I don't think that the identity of things is a simple matter. What happens if we compress the file and store it on tape for a while, then restore it back exactly as it was? Let's say that we didn't happen to look for it while it was compressed, and once it is back, it's the same in all reasonable ways to how it was before being archived. Yet it didn't exist for quite a while! What of the identity then?

Myself, I stop trying to solve the problem perfectly and instead use a simpler thing such as the disk ID and the inode number, with the filename as a proxy for that. It doesn't solve everything, but it's computable with a reasonable amount of effort and doesn't drag everything into the tarpit of perfect file identity.

LB_

I don't understand where the confusion is coming from here.

Let's say I have two files open in my fancy text editor: A.txt, and B.txt. They both refer to the same data on disk, be it via hardlinks or symlinks - it doesn't matter for this.

If I move A.txt to my flash drive and rename it to D.txt, it should update accordingly in my fancy text editor, but nothing should happen to B.txt. I didn't rename, move, or delete B.txt, so my fancy text editor shouldn't receive any events from the OS about it.

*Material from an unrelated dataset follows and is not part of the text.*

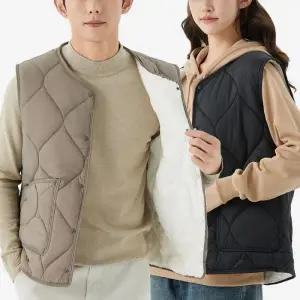 [아이에스이랩]남여공용 가을 겨울 경량 깔깔이 조끼 4JK108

The identity of a file is my ability to move, rename, or delete it. Not its path. Not its filename. Not its data on disk. Not some magical metadata. It's that I can see it when I run dir or ls.

dkf

What you seek to do is something we cannot do. It would require a single information infrastructure with a single global identity system for everything. Online systems like DropBox and Google Drive can approximate to this, but it is an approximation and the seams definitely still show at the moment. Offline systems can't do it at all because of all the communication required to resolve what an ID really means.

I admit I sprung a trap on you by constructing “obvious” things in my previous message that force offline solutions to not work. ;) But they are real problems, and the ID/object linkage problem is a huge one that might have no solution at all. There are a number of semi-solutions that work really well, but they do so by rejecting one of the parts of your vision. Offline really forces that there's no central authority. File mutability means that the contents can't be used to generate IDs. Getting the OS to do all the reconciliation will be very complicated and utterly horrible when working with multiple OSes, and it might be better to use some local ID instead that is only system-unique and then map it between it and the global ID space (though what that really means, I don't know). And so on…

Gurth

@LB_ said:

If I move A.txt to my flash drive and rename it to D.txt, it should update accordingly in my fancy text editor, but nothing should happen to B.txt. I didn't rename, move, or delete B.txt, so my fancy text editor shouldn't receive any events from the OS about it.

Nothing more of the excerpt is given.